Even as a chamber musician, the baroque violinist Goebel shook up the world of the 1980s with his luminous tone and varied bowing of the “Musicalisches Opfer” and the violin-and-harpsichord sonatas by Bach, Telemann or Corrette. Exploring the byways of music history has always been an intellectual pleasure for Goebel. This pleasure became the audience’s when Musica Antiqua turned into a baroque orchestra and big voices like Anne Sofie von Otter or Christine Schäfer gradually replaced the baroque singers of earlier recordings.
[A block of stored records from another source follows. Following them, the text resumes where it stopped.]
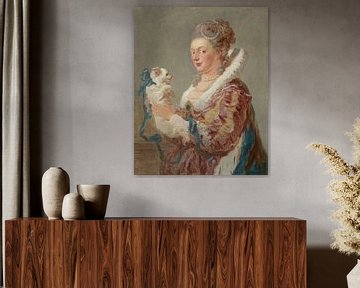 Een vrouw met een hond, Jean-Honoré Fragonard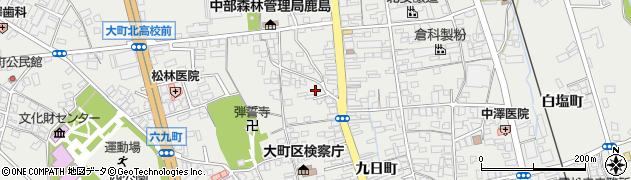 長野県大町市大町大黒町4256周辺の地図
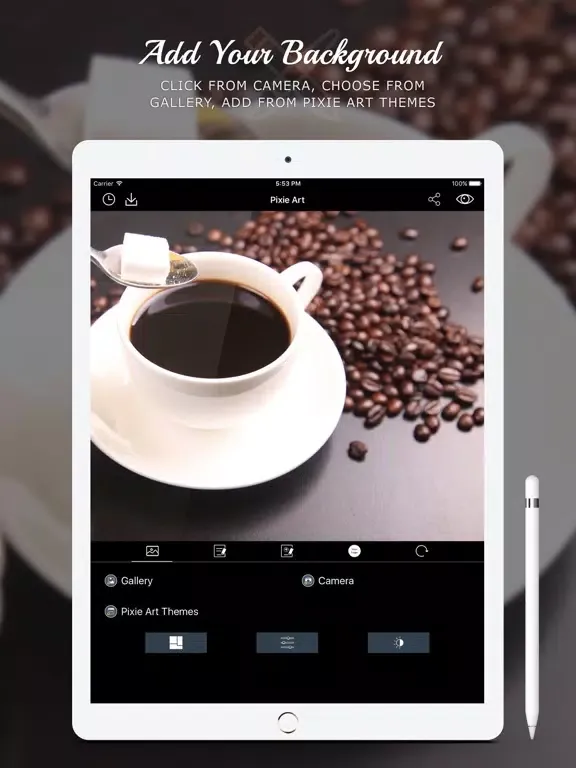ภาพหน้าจอของ Pixie Art iPad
Soon a shift towards a more “traditional” sound became apparent, and since the turn of the millennium Reinhard Goebel has been moving towards a new medium: the modern orchestra. In search of truthful sound, he has now transferred the virtues of early music to modern strings with the same uncompromising approach. On the podium of various German radio symphony orchestras, he revived the Mannheim music of Cannabich and Johann Christian Bach, mixed up Viennese Classic and uncovered the forgotten composers in Mozart’s shadow. He had new things to articulate about even the best-known works of Mozart, and more and more orchestras followed his lead: The Bavarian Chamber Philharmonic and the Mozarteum Orchestra, the Karajan Academy of the Berlin Philharmonic or the Frankfurt Radio Symphony. He also conducted spectacular performances in France, the Netherlands, Switzerland, and Italy. This journey culminated in his major cycle of Beethoven’s contemporaries for the Beethoven Year 2020. However, baroque music continues to be one of his main focuses, for example in his work with the Berlin Baroque Soloists or the Neues Bachisches Collegium Musicum in Leipzig.

In 2010, Reinhard Goebel took over the chair for historical performance practice at the Mozarteum in Salzburg not only for specialists in baroque violin. Both as a professor and as a conductor, Reinhard Goebel is characterized by passion, relentless precision, and a critical mind. He is an intellectual whose fire and sword come in the shape of a violin bow and a score.